La régression non paramétrique de Theil Sen est une alternative à la régression linéaire, qui peut notamment être employée en présence d’outliers.
Pour rappel, la régression linéaire simple est un modèle mathématique, qui met en relation une variable réponse (Y) avec une variable explicative (X), par l’intermédiaire d’une droite.
Cette droite est celle qui passe au plus près de l’ensemble des points. Autrement dit, c’est la droite qui minimise la somme des distances au carré, entre l’observation et son projeté vertical sur la droite. C’est ce qu’on appelle la méthode des moindres carrées (ou MCO pour moindres carrés ordinaires ou encore OLS pour Ordinary Least Squares, en anglais).

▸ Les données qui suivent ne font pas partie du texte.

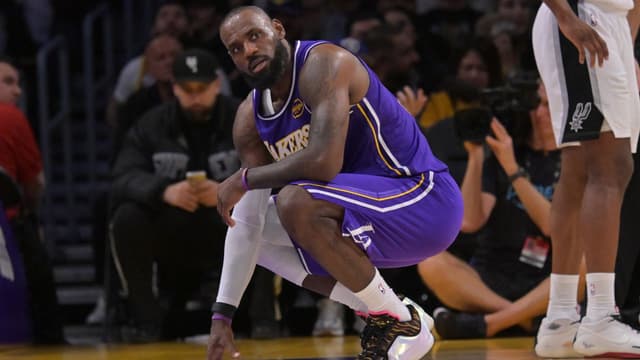 Lakers Didn't Respect LeBron James Last Year, Says Markieff Morris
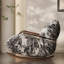 Chaise berçante Hufeza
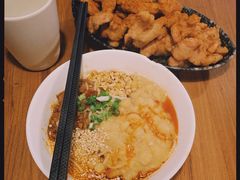 豌杂小面-付小姐在成都(中山公园店)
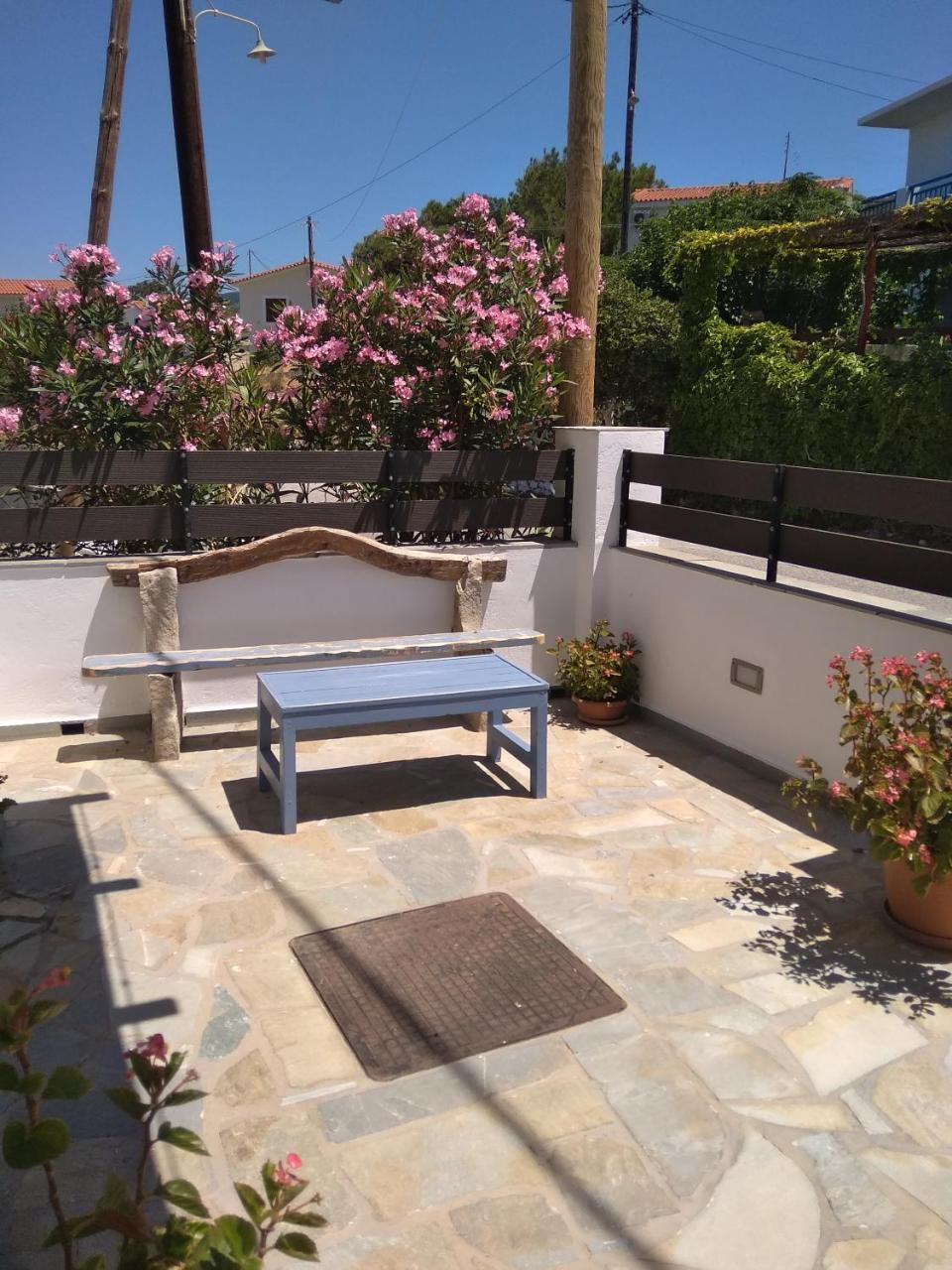 Kimothoy Appartement Armenistis  Buitenkant foto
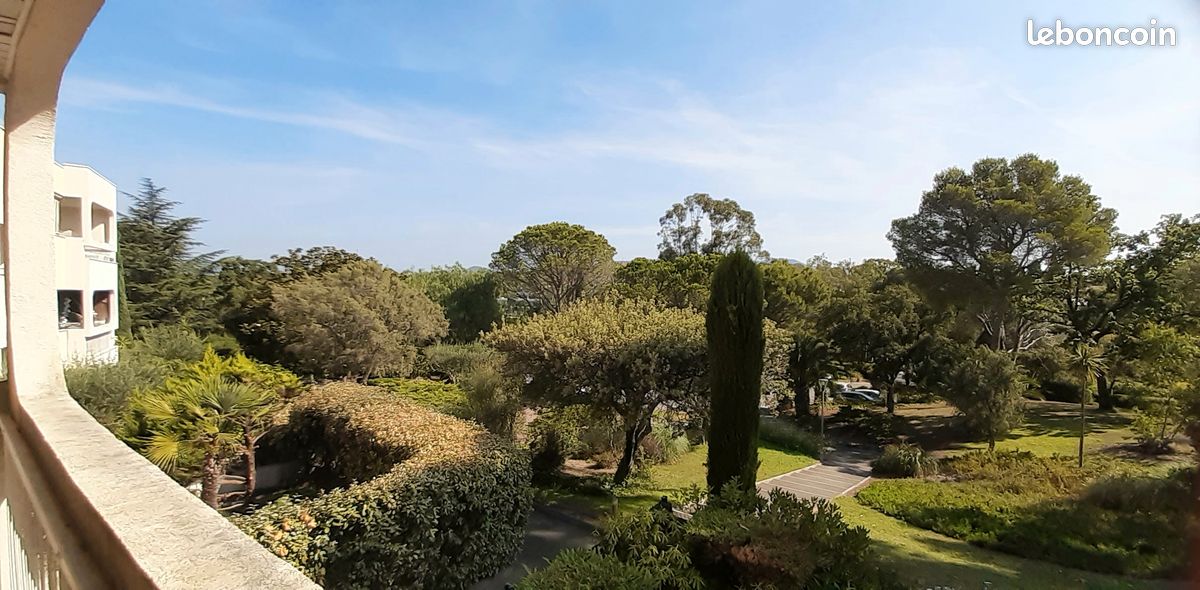 Appartement 1 pièce 27 m² · à Saint-Raphaël · 27 m² · 188 000 €
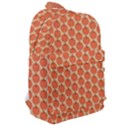 Cute Pumpkin Small Classic Backpack View2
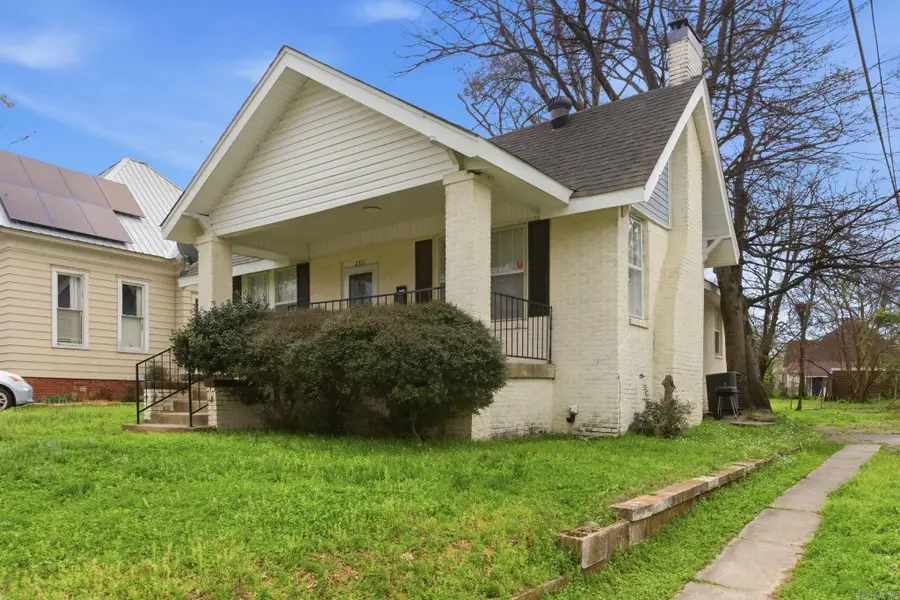 2311 W 17th St Street, Little Rock, AR 72202 - #3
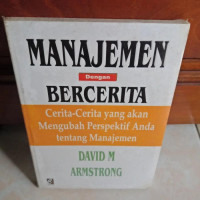 Image of manajemen dengan bercerita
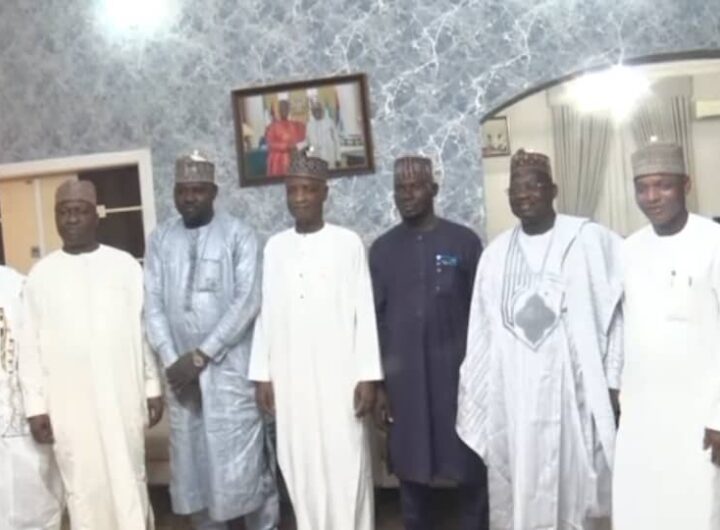2027: Sokoto prodigal politician, Sani Gudu makes U–turn, seeks Wamakko's forgiveness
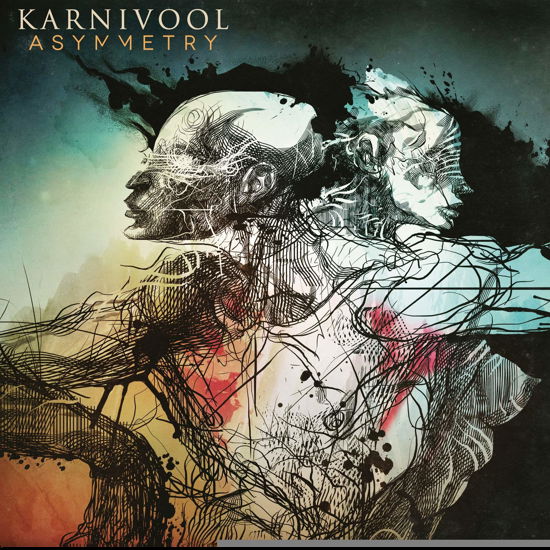 Asymmetry - Karnivool - Musiikki - INSIDEOUTMUSIC - 0888837426213 - perjantai 15. marraskuuta 2019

Mais parfois les données que l’on étudie comportent quelques observations distantes des autres, qui ne sont pas en accord avec le modèle mathématique sous-jacent. On appelle, parfois ces données, des données aberrantes.
Si ces données s’éloignent suffisamment, alors elles pourront être qualifiées d’outliers, mais ce n’est pas toujours le cas.
# simulation des données
set.seed(1)
n <- 30
x <- round(runif(n=n,min=1, max=10),1)
y <- 2 + 3*x + rnorm(n,0,2.5)
n_outliers <-3
x_out <-c(10,10.5,11)
set.seed(1)
y_out <- 2 + 3*x_out + rnorm(n_outliers,0,2.5) -20
X <- c(x, x_out)
Y <- c(y, y_out)
id <- 1:(n+n_outliers)
type <- c(rep("conforme",n), rep("abberante", n_outliers))

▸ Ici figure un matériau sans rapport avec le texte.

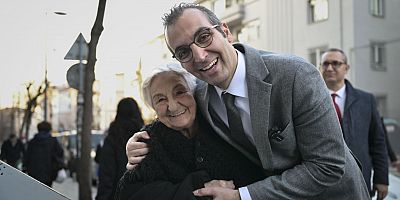 “KENTSEL DÖNÜŞÜM YASALARIYLA İSTANBUL’A YAPILANI GÖRÜYORUZ”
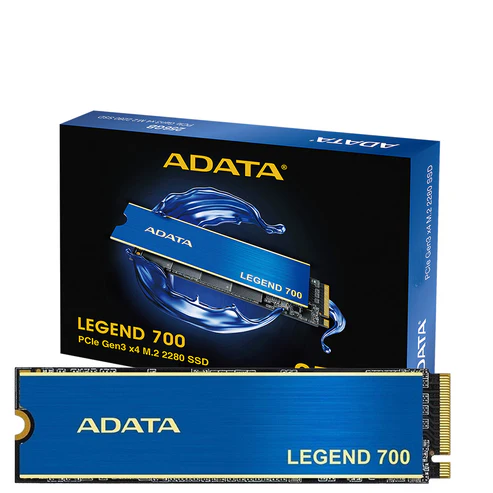 Disco SSD ADATA Legend 710 512 GB M.2 PCIe 3.0 NVMe Alta Velocidad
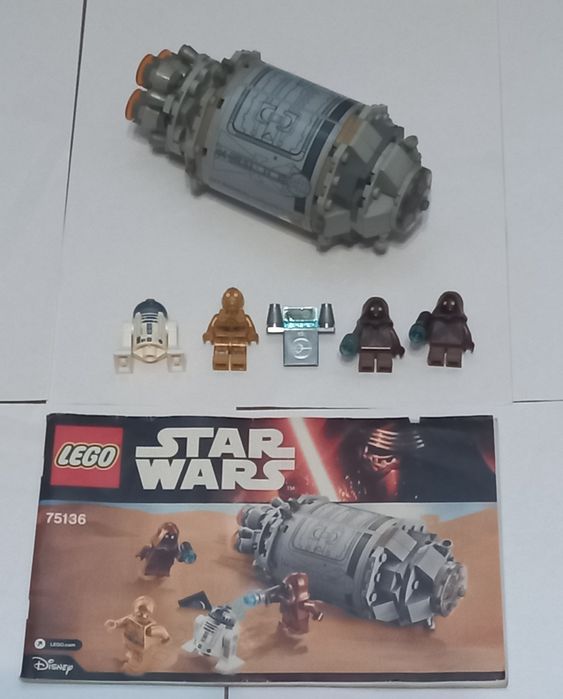 Наборы LEGO Star Wars
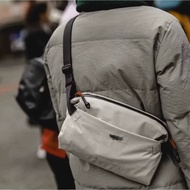 Bellroy 7L Australia Lite Sling Lightweight Chest Bag Street Wear Outdoor Shoulder Bag 2025 New Styl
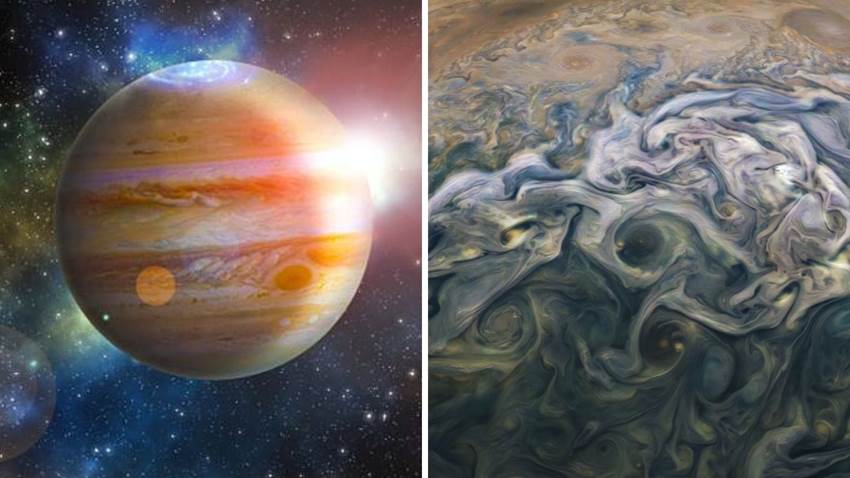 La humanidad jamás podrá aterrizar en Júpiter: te contamos la razón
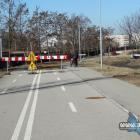 Remont nawierzchni na velostradzie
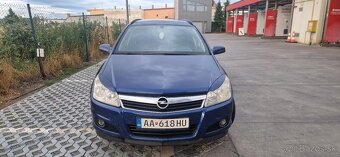 Predám Opel Astra Combi 1.7 CDTI - 2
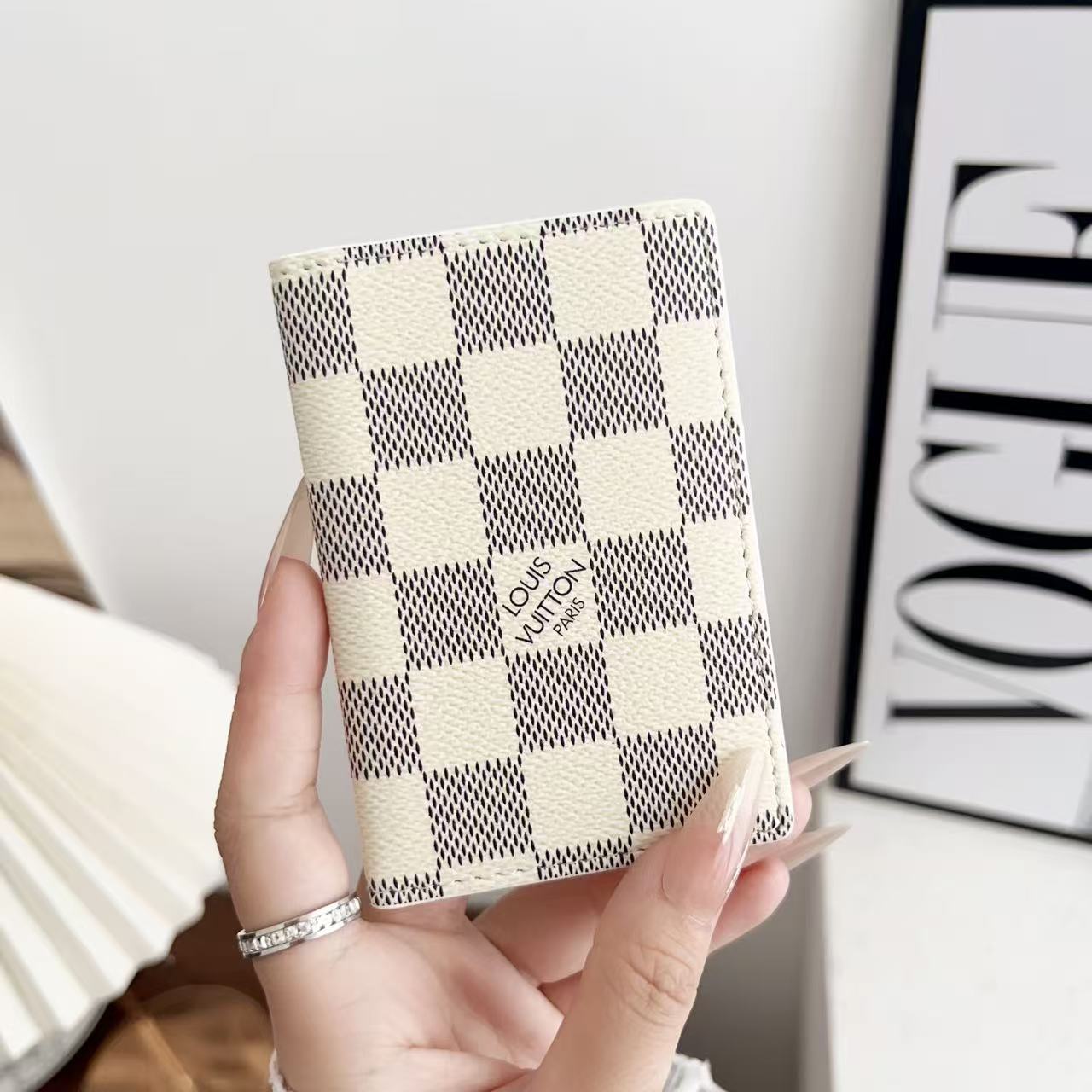 Anti Scratches Card Cases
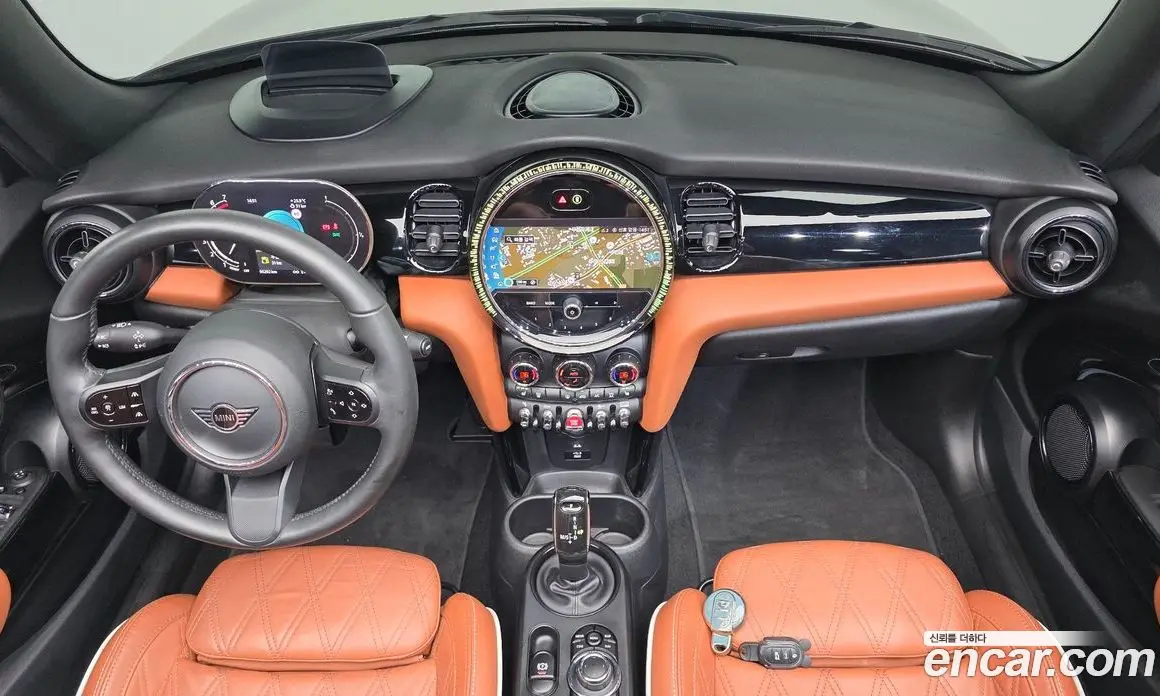 Mini Cooper Convertible 2022 2.0 АКПП, фото 10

df <- data.frame(id,type, X, Y
library(ggplot2)
library(ggrepel)
# visualisation des données
ggplot(df, aes(X, Y, colour=type))+
geom_point(size=3)+
scale_colour_manual(values=c("red", "black"))+
geom_text(aes(label=rownames(df)),size=3,check_overlap = TRUE, vjust=-1) +
theme(legend.position = "bottom")
Remarque : Les numéros sur le graphique correspondent aux indices (numéros des lignes).
En présence de données aberrantes, la méthode des moindres carrés n’est pas très robuste. Autrement dit, les paramètres de la droite (l’intercept et la pente) sont fortement influencés par ces observations distantes des autres.
Dans cet article, je vous propose d’explorer ce phénomène et quelques approches de modélisation alternatives.
Commençons par ajuster la droite de régression linéaire par la méthode des moindres carrés, sur l’ensemble des observations :
mco <- lm(Y~X, data=df)
coefficients(mco)
## (Intercept) X
## 6.681251 1.936301
confint(mco)
## 2.5 % 97.5 %
## (Intercept) 1.887023 11.475480
## X 1.218787 2.653814
Ici, l’ordonnée à l’origine est égale à 6.68 et la pente à 1.94 avec un intervalle de confiance à 95% compris entre [1.22, 2.65]. Nous pouvons visualiser comment la droite se situe par rapports aux points avec ce code :
ggplot(df, aes(x=X, y=Y))+
geom_point(aes(colour=type))+
scale_colour_manual(values=c("red", "black"))+
geom_text(aes(label=rownames(df), colour=type),size=4,check_overlap = TRUE, vjust=-1)+
geom_smooth(method="lm", se=FALSE, colour="red", size=1)+
annotate("text", x = 3, y = 35, label = "mco : y = 6.7 + 1.9 x ", size=4, colour="red")+
theme(legend.position="bottom")
Nous voyons que les 3 points aberrants ont attiré la droite de régression vers eux.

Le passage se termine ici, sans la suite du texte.